Usha Premachandran

Bio: Usha Premachandran is an academic researcher from University of Georgia. The author has contributed to research in topics: Methanococcales & High-performance liquid chromatography. The author has an hindex of 3, co-authored 3 publications receiving 4879 citations.

Precise Measurement of the G+C Content of Deoxyribonucleic Acid by High-Performance Liquid Chromatography

Abstract: High-performance liquid chromatography is a promising alternative for determining the G+C content of bacterial deoxyribonucleic acid (DNA). The method which we evaluated involves enzymatic degradation of the DNA to nucleosides by P1 nuclease and bovine intestinal mucosa alkaline phosphatase, separation of the nucleosides by high-performance liquid chromatography, and calculation of the G+C content from the apparent ratios of deoxyguanosine and thymidine. Because the nucleosides are released from the DNA at different rates, incomplete degradation produces large errors in the apparent G+C content. For partially purified DNA, salts are a major source of interference in degradation. However, when the salts are carefully removed, the preparation and degradation of DNA contribute little error to the determination of G+C content. This method also requires careful selection of the chromatographic conditions to ensure separation of the major nucleosides from the nucleosides of modified bases and precise control of the flow rates. Both of these conditions are achievable with standard equipment and C18 reversed-phase columns. Then the method is precise, and the relative standard deviations of replicate measurements are close to 0.1%. It is also rapid, and a single measurement requires about 15 min. It requires small amounts of sample, and the G+C content can be determined from DNA isolated from a single bacterial colony. It is not affected by contamination with ribonucleic acid. Because this method yields a direct measurement, it may also be more accurate than indirect methods, such as the buoyant density and thermal denaturation methods. In addition, for highly purified DNA, the extent of modification can be determined.

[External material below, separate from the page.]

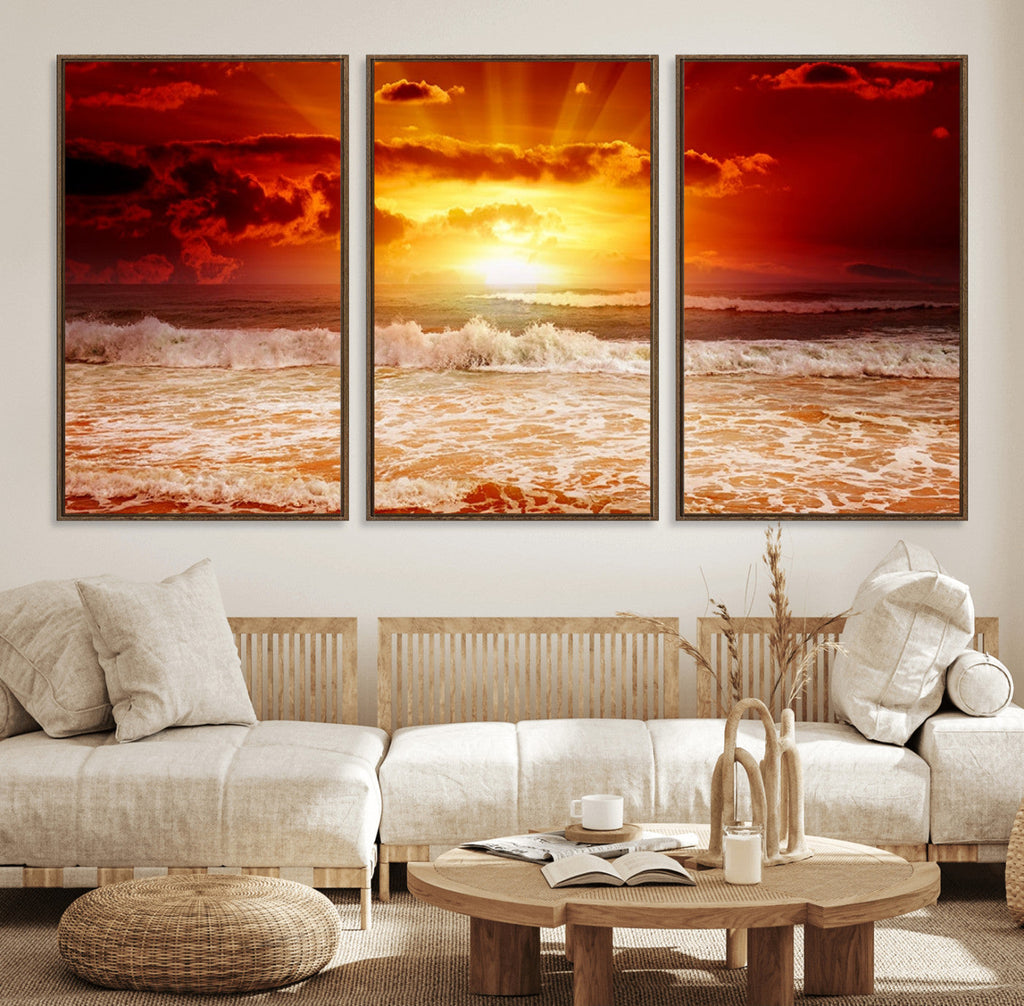 Red Sunset Ocean Beach Canvas Wall Art, Coastal Sunset Print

Phylogeny and taxonomy of mesophilic Methanococcus spp. and comparison of rRNA, DNA hybridization, and phenotypic methods.

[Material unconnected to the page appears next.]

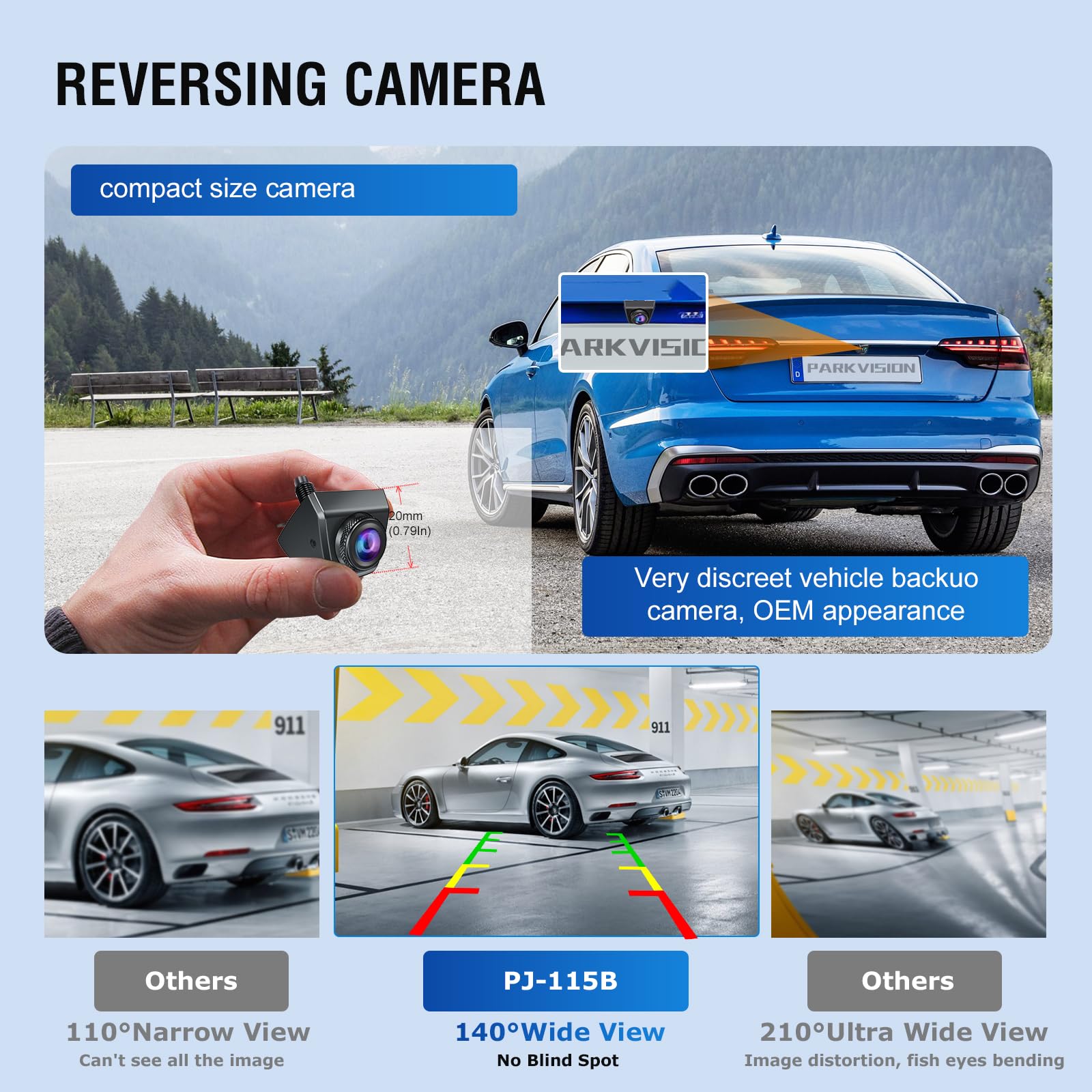 PARKVISION Telecamera per retromarcia per auto, SUV, camper, roulotte, furgone, pick-up, alloggiamento in metallo Telecamera posteriore regolabile con ampio angolo di visione di 140 °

Abstract: The phylogeny and taxonomy of the mesophilic methane-producing archaea of the order Methanococcales were examined by DNA relatedness, 16S rRNA sequence analysis, cellular protein pattern, and phenotypic methods. The mesophilic species Methanococcus maripaludis, Methanococcus vannielii, Methanococcus voltaei, and “Methanococcus aeolicus” formed a deep group with 5 to 30% DNA relatedness and 92 to 96% 16S rRNA sequence similarity. Twenty-two additional isolates and Methanococcus deltae were similar to the type strain of either M. voltaei or M. maripaludis. Two isolates, strains A2 and A3, exhibited 37% DNA relatedness and 99.2% 16S rRNA sequence similarity to M. voltaei PST (T = type strain). In the absence of phenotypic differences, these organisms were assigned to M. voltaei. Similarly, four autotrophic isolates, strains C5, C6, C7, and C8, exhibited 54 to 69% DNA relatedness and 99.2% 16S rRNA sequence similarity to M. maripaludis JJT and were assigned to M. maripaludis. While these isolates were sufficiently genetically diverse to justify classification in novel species, few differences were apparent in the phenotypic properties available for measurement. Thus, the phenotypic properties of these lithotrophic archaea were highly conserved and poor indicators of genetic diversity. Partial sequencing of about 200 bases of both the 16S and 23S rRNAs of the isolates demonstrated allelic diversity within methanococcal species. This allelic diversity did not correlate with diversity measured by DNA relatedness, cellular protein pattern, and other methods. Similarly, antisera to whole cells of the type strains did not cross-react strongly to whole cells of strains that were genetically similar, and serological cross-reactivity was not a useful taxonomic method for methanococci. Lastly, on the basis of the results of 16S rRNA sequence analyses and biochemical data, the ancestor of the mesophilic methanococci may have been an autotrophic thermophile.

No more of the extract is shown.